From his time at Butchart, Fogarty recalls an old plate once belonging to Jenny Butchart that held a teacup, as well as an assortment of treats for Tea on the Knee, also known as Low Tea. (The alternative, High Tea, would include more meaty snacks like Welsh rarebit, meat pies, and various sweet and savory dishes. High Tea would be served at the dining room table.)

Fogarty had a vision of re-creating the Butchart Garden Low Tea tradition at Kingfisher’s restaurant, and so he set the stage. Surrounded by windows that display the incredible panoramic view of the sea, Kingfisher guests are served tea from a lovely selection including Honey Bush, Rooibos, Chamomile, or the more traditional Earl Grey or English Breakfast.

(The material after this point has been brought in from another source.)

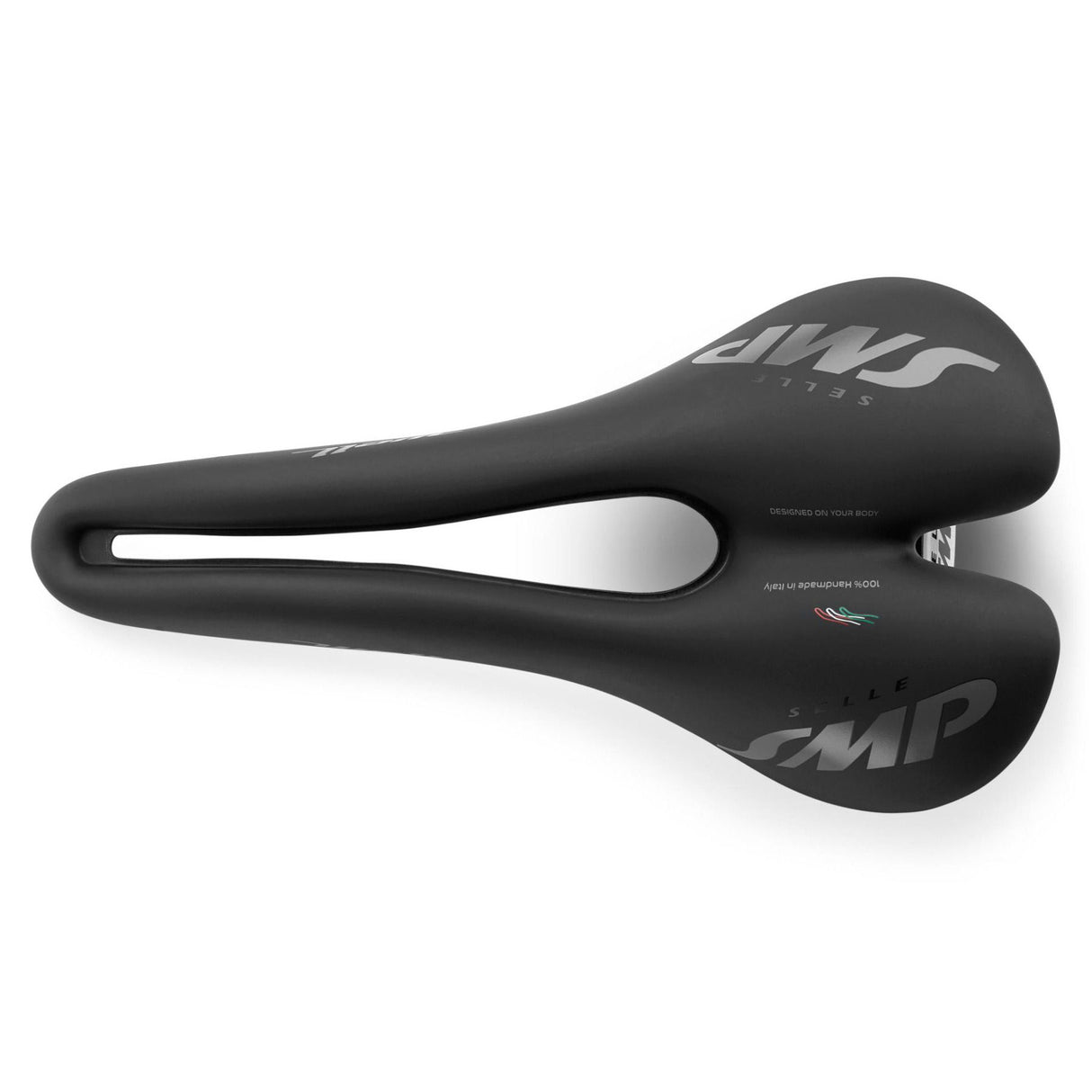 Selle selle smp bien noir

Following tea and lavender scones – the lavender being grown on the resort property – a plate of sweet and savory dishes arrives. Guests are treated to a wonderful array of selections while enjoying scent and visual appeal first and then finally, taste. Items like forest mushroom strudel, smoked tuna with citrus aioli, and Belgian chocolate pave are arranged beautifully on a plate that does indeed hold both one’s cup and one’s treats.

Chef Fogarty believes in eating with your eyes first. He feels strongly about fine local ingredients, yet, “never at the expense of quality,” he says. Fogarty wants his guests to experience the indulgence and beauty of products from Vancouver Island. Therefore, he shares personal relationships with local growers and suppliers of fresh fruit, vegetables, seafood, meat, and cheese. His excitement for what he does is evident as he tells me he recently bought fresh fava beans from a local grower for the weekend dinner specials.

Consider stopping in for Low Tea at the Kingfisher this summer for a relaxing and unique experience that comes complete with a spectacular view.